The Dutch normally pride themselves on their bluntness but we try to leave that out of the rejection notices and write something a bit kinder. It takes some courage to submit and nobody likes getting rejected. We also try to include a discount code to encourage speakers to visit and hopefully sign up for the unconference*.

>> How is it different from other PHP Conferences?

Tough to say, there’s a lot of really great conferences out there. DPC is fairly advanced and thanks to the fact it’s organized by a company, there aren’t any commercial talks. A lot of speakers also tell us that they feel the conference is really oriented towards the speakers, attendees and community. That’s always the goal but it’s nice to hear it comes through that way as well.

DMC is a different matter, as there are few mobile conferences that focus on web technologies (as opposed to native development). Nonetheless, we keep it focused on developers.

>> Things that it excels at, as compared to others

Running a tight schedule? We always start on time. Generally, attendees never notice that anything goes wrong because we’re always running around like crazy behind the scenes.

Speakers also mention the high ratio of joind.in comments and feedbacks they receive, which really shows how much the speakers are valued by the attendees.

>> Aspects where it lacks as compared to others

One thing we sometimes wish we could do is liven up the venue. Having the event at a major conference center means you get enough rooms, good sound/wifi and on-site catering which is all fantastic. Still, it’d be fun to do it somewhere more colorful at least once.

>> Lessons learned from previous editions

If you can do it ahead of time, no matter what it is, do it. Don’t forget capacity planning. Always check in with your speakers ahead of time and treat them well. Be flexible. And above all else, Don’t Panic.

>> How are you going to make new editions even better than the previous, any specific focus?

This year, we’ve added a lot of secondary events to the conference.

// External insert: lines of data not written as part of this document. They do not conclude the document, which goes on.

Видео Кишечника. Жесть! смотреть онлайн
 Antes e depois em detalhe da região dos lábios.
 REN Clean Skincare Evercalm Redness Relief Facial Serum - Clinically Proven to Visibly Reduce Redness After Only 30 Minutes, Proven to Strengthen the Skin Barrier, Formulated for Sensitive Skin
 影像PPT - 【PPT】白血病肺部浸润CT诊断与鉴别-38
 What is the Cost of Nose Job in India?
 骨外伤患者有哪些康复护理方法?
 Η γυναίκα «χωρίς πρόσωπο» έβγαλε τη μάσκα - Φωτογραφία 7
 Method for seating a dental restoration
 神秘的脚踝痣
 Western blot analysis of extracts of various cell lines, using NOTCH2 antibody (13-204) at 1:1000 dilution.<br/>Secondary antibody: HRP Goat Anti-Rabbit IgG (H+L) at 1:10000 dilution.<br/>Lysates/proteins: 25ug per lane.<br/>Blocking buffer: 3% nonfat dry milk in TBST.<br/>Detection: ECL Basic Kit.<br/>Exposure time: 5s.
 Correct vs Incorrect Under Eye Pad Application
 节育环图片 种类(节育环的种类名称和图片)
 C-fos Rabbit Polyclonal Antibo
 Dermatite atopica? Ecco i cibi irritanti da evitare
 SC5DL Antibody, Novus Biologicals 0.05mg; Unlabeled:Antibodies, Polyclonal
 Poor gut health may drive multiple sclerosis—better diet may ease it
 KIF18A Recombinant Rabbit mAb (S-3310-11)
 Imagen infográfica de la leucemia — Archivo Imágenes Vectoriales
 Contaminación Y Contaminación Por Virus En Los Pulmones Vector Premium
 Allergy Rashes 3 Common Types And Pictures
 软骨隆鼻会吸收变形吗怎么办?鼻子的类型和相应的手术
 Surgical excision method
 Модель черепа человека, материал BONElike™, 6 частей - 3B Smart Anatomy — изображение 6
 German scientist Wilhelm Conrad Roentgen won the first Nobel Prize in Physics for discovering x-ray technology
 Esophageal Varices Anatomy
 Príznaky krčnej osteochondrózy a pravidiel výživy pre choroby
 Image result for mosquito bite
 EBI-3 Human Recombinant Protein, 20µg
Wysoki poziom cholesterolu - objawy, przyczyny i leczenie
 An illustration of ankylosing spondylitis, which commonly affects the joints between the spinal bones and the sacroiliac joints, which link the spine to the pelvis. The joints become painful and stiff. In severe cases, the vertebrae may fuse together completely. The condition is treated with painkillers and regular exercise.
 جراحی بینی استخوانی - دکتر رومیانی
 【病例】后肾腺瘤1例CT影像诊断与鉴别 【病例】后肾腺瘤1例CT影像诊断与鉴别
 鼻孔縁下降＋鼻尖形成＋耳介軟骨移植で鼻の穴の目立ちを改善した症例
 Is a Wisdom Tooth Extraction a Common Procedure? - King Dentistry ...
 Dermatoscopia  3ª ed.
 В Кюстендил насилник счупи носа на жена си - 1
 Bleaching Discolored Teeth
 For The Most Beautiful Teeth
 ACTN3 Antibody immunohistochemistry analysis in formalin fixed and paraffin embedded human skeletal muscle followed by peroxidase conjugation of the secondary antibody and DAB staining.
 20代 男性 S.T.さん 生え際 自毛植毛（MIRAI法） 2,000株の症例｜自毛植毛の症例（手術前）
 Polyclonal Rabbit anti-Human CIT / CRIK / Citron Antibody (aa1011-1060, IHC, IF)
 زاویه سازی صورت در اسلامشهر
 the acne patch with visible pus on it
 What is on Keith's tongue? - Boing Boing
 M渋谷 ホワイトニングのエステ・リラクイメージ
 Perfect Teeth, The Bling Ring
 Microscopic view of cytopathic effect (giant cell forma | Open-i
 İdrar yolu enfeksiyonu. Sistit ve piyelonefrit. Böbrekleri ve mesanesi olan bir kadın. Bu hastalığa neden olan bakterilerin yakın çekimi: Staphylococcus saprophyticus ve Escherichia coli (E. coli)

Our unconference is returning but we’re trying to make it an even more prominent feature. Zend is sponsoring a hackathon that spans the entire conference, Engine Yard is sponsoring a bigger/better social and Sensio is offering Symfony certification for first time in the Netherlands. We’re also trying to reach out to a lot of user groups and communities to make the conference more fun and interesting for everyone.

Another big theme for this year is helping people step outside their comfort zone. That might mean encouraging folks to use their DPC/DMC ticket to visit wildly different talks from the other conference. That might mean planning crossover talks for both sides so even if the topic is known to both groups, they can at least get another perspective. And this might also mean putting talks on the schedule you might not normally expect at a PHP conference like Lisp or Django.

>> When is the next one scheduled?

As always: next year, beginning of June!

>> How is organizing and running a conference different from organizing a user group?

User groups are usually for free, and whenever anything goes wrong you are easily forgiven. For a conference everything needs to be perfect, you need to deliver what people pay for or they will blame it on you. Having experience from setting up user group meetings is already a good start to connect with your audience before you even think about organizing a conference.

On the other hand, once you’re organizing a conference you’re not only delivering a fun evening, but an experience which will be remembered for years to come. All the effort you put into a conference will repay itself as ultimate satisfaction when you see all the attendees enjoying the event.

>> Your message to the people who are going to attend it?

Come, learn something interesting, meet new people and have fun doing it.

>> Any other things you want to mention/share?

A word of encouragement to new speakers: it can be scary to get on stage but it’s a great feeling to see other people learn and be inspired by your work. Just start with an uncon talk. If you’re not speaking, make sure you talk to speakers and rate them on Joind.in or other sites. It’s important and meaningful for them to see all their hard work is appreciated.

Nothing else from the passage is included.